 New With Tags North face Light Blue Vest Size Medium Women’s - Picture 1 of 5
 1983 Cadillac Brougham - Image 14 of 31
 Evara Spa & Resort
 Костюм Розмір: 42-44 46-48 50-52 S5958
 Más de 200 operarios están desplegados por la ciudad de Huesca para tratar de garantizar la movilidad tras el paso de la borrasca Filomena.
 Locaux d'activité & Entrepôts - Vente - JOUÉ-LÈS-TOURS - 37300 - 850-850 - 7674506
--- --- ---
◆ **Required work**
Create a word-for-word copy of the whole listing.

◆ **Task result**
 New With Tags North face Light Blue Vest Size Medium Women’s - Picture 1 of 5
 1983 Cadillac Brougham - Image 14 of 31
 Evara Spa & Resort
 Костюм Розмір: 42-44 46-48 50-52 S5958
 Más de 200 operarios están desplegados por la ciudad de Huesca para tratar de garantizar la movilidad tras el paso de la borrasca Filomena.
 Locaux d'activité & Entrepôts - Vente - JOUÉ-LÈS-TOURS - 37300 - 850-850 - 7674506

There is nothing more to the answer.